Data section -

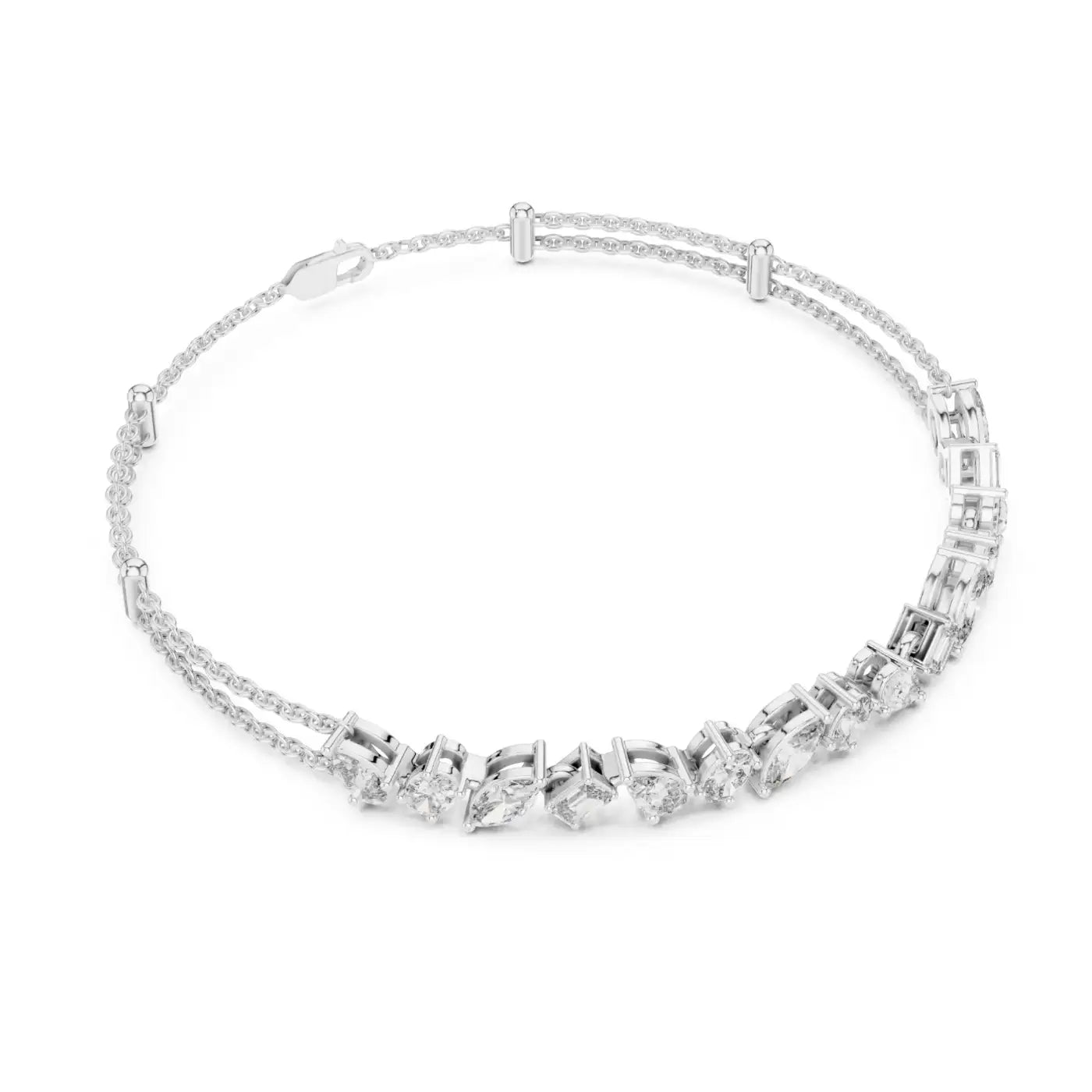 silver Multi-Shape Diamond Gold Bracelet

...

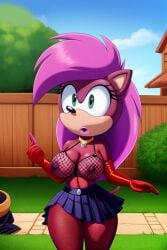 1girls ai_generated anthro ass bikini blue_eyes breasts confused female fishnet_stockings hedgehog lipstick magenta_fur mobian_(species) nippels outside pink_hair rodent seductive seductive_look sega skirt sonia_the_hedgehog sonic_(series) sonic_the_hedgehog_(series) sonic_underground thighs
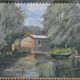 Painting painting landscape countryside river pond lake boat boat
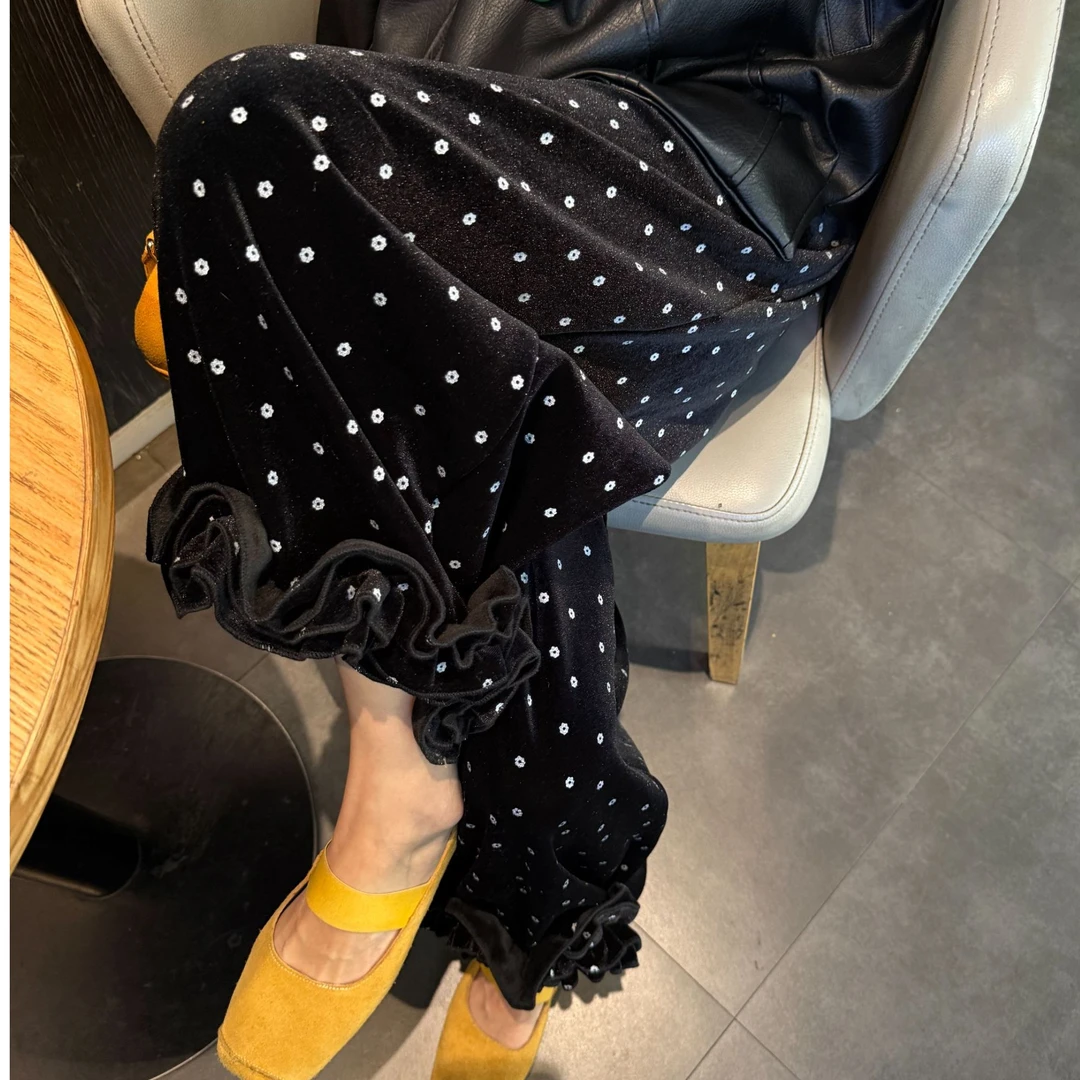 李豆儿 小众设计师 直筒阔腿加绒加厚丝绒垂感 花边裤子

...

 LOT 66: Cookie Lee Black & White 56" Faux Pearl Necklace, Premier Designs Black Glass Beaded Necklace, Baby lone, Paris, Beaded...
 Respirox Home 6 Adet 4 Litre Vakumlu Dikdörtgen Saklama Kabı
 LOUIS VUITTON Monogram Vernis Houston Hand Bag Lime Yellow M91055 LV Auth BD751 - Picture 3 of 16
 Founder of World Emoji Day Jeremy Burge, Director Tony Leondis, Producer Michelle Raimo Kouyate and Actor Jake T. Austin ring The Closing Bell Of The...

Work item - Write out again exactly the lines above from the one with "Painting painting landscape" through the one with "李豆儿 小众设计师 直筒阔腿加绒加厚丝绒垂感 花边裤子", adding no other lines and no pictures.

Reply -
 Painting painting landscape countryside river pond lake boat boat
 李豆儿 小众设计师 直筒阔腿加绒加厚丝绒垂感 花边裤子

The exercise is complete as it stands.